Chef Fernando passed away at the age of 57, in 2010, and his wife Margarida now holds fort, her splendidly hospitable presence sweeping between the tables and the long, clean narrow kitchen at the back of the restaurant. But tucked away in the office behind the cheerfully kitschy bar are the recipes that he had gathered over the years. It’s the collective memory of the households and kitchens of Goa, the humblest pickles and everyday Konkan vegetarian dishes holding their own beside prawn meat-cakes and complex pork dishes.
From the clean simplicity of food at the shacks to the gorgeously inventive food at places like La Plage, Bomra’s and Thalassa, the excellence of the average Goan home kitchen guarantees high standards elsewhere. Nostalgia, though, is special; in this large, comfortable restaurant in Salcette far away from the beaches, Fernando was preserving the old Goan classics, without frills, without reinvention.
The menu is a poem. Alongside the usual trinity — pork sorpotel, shark ambotik, chicken cafreal — Nostalgia also offers caldo verde, a delicate Portuguese soup, veggie classics like toratchi uditmethi and ambadechem khoromb, and unusual village-style dishes like pork solantulem, cooked with dried mango and kokum. The golden-red prawn curry sings of fresh-ground spices, the fresh green bhindi in perfect counterpart to prawns cooked to tender perfection. One taste, and despite the disappointing rissoles we’d ordered as our first course, I know that all is well with Nostalgia.

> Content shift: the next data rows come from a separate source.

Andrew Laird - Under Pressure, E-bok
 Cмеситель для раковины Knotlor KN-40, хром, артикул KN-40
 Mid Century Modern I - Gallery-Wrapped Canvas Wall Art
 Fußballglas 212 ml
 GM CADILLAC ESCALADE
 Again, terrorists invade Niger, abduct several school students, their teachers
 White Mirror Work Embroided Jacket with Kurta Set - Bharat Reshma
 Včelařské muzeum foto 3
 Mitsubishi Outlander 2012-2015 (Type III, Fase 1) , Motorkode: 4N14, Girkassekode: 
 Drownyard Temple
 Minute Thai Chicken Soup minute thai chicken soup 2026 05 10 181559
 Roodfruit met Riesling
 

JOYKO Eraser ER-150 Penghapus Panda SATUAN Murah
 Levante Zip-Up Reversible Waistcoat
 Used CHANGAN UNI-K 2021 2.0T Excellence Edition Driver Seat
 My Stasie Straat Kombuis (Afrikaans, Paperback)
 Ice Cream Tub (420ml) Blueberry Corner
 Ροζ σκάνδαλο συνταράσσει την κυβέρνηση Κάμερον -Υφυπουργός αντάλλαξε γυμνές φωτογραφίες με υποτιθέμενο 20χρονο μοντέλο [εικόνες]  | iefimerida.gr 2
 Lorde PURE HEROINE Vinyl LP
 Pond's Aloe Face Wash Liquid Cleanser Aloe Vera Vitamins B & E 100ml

Over the next few days, we climb the hill again and again, drawn back to Fernando’s legacy. What he was trying to capture is increasingly elusive; the old recipes are being forgotten; many restaurants do not offer pork or beef any longer in deference to tourist tastes. Pancakes and tandoori chicken are drowning out the classic, simple menus of the shacks, and overfishing has taken its toll, too.
One night, a Goan family comes over to Nostalgia to celebrate someone’s birthday, and we eat our beef xacuti and kingfish fry to the sound of a jazzman playing How High The Moon and Baila, as local dancers break out their best moves on the floor. Margarida stops by to tell us we can’t walk back home, it’s too late, so one of her boys will give us a ride on his bike. As I walk past Fernando’s collection of antique cooking pots and glass-stoppered soda bottles, an old gentleman grabs me and twirls me around the floor once, and someone else from the family pops a light-as-air fish fofo in my mouth.
Nostalgia attracts tourists, but this is what it really is — the place where the locals come to let their hair down, and to eat the way their grandparents once did. Across Goa, about one-and-a-half hours from Ambora, we have a date with a man who’s doing it exactly the opposite way, taking familiar home-style dishes and transforming them in dazzling, utterly original ways; but Baumra Jap’s story will keep for another column. Tonight, as the saxophonist breaks into Desafinado, and we tackle a perfect pomfret, Nostalgia is the only place I want to be.